Not possessing any interest of his own he writes to ask what I can do to help him. The object of his own & of his son’s ambition is to have the name of the latter placed on the Colonial Office’s List of persons entitled to undergo its Competitive Examinations for Clerksh clerkships &c. As I thought the young man had character ability & zeal for work – which is one of his strong points – that wd do credit to such an office, and as I was once upon a time as you may remember poor Ld Kerry’s<3> Tutor at Bowood by his own and his Fathers special request, it occurred to me to ask Lord Lansdowne if he would have the goodness to mention the young man’s name with that object to the Duke of Newcastle.<4> I was sorry afterwards I had sent the letter; for tho’ there had been then no intimation of his illness, the sad news of Ld L’s death appeared in the Papers within a week of after my writing. My letter contained some enclosures which I shd be very sorry to lose – namely, Testimonials to the young man’s character & acquirements which had been entrusted by his Father to me, & – what I had a special value for as a pleasing & indeed the only memorial of my tutorial office at Bowood – the fly-leaf of a small french [sic] edition of the Pensées de Pascal which poor Kerry had given me with a feeling inscription in his own hand-writing.

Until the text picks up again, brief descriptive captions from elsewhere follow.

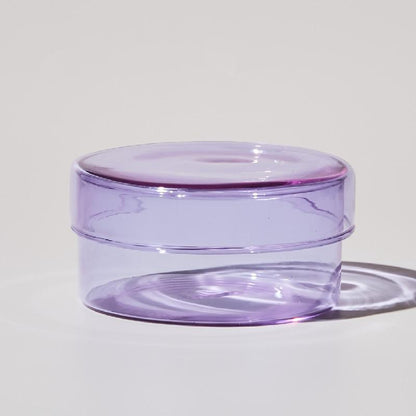 Minimalistischer moderner gewebter Aufbewahrungskorb Organizer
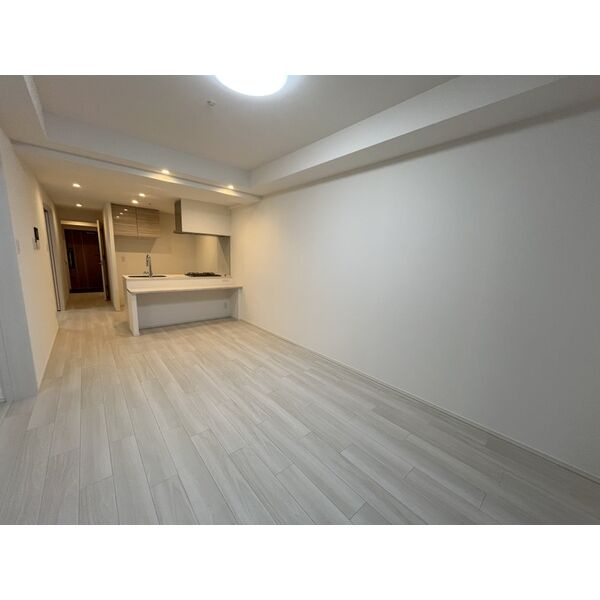 Ｄｒａｗ上本町の内装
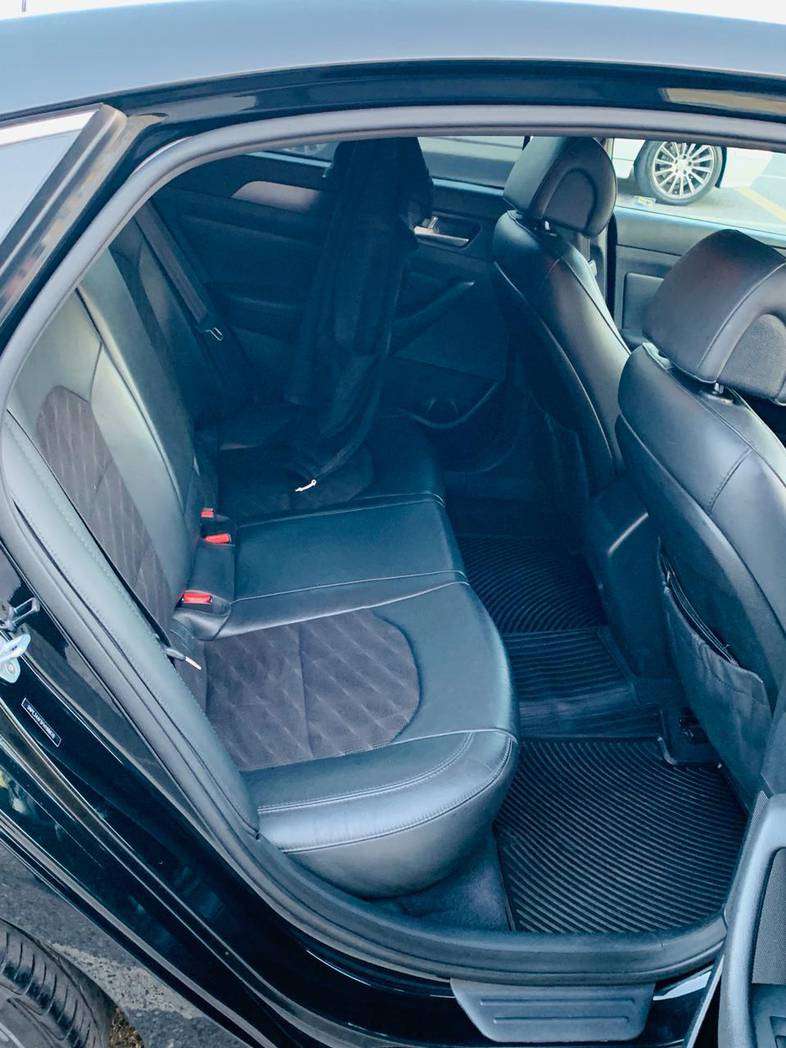 Hyundai Sonata, 2015 il, 2.4 L, 100 000 km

This I had cut out and enclosed, thinking that after a lapse of 30 years such a memento of his son’s kindly nature would not be painful to him & wd recal [sic] me rather agreeably than mournfully to his memory

This letter with its enclosures I have not since heard of; and it is quite conceivable that in the anxiety & grief of those last days it has been put by unopened, though I can hardly conceive that it has been destroyed – I am afraid your Uncle’s sudden – though –, considering the prosperous & happy activity of his long life – hardly premature death will have frustrated my main purpose: but in the secondary object of recovering these – to me – valuable enclosures – which I had requested might be sent back – you I think may very likely be able to aid me effectually – I would have mentioned this through your son who is a great favourite with us & often reminds me of you – & our happy Trinity days, but Time is an important element in the chance of recovering these papers –

I cannot help believing that poor Lord Lansdowne would gladly have done me this favour – If you think your cousin who has now succeeded him might be so disposed & if you will request him to open and read the letter & its enclosures, should they be recovered, I shall be farther and much obliged to you –

I enclose – that you may be au courant – the present prosperous state of the cause Marble v. Bronze,<5> together with my latest (printed) productions in prose & verse

Possibly you may receive in due time certain “Lectures on our studies”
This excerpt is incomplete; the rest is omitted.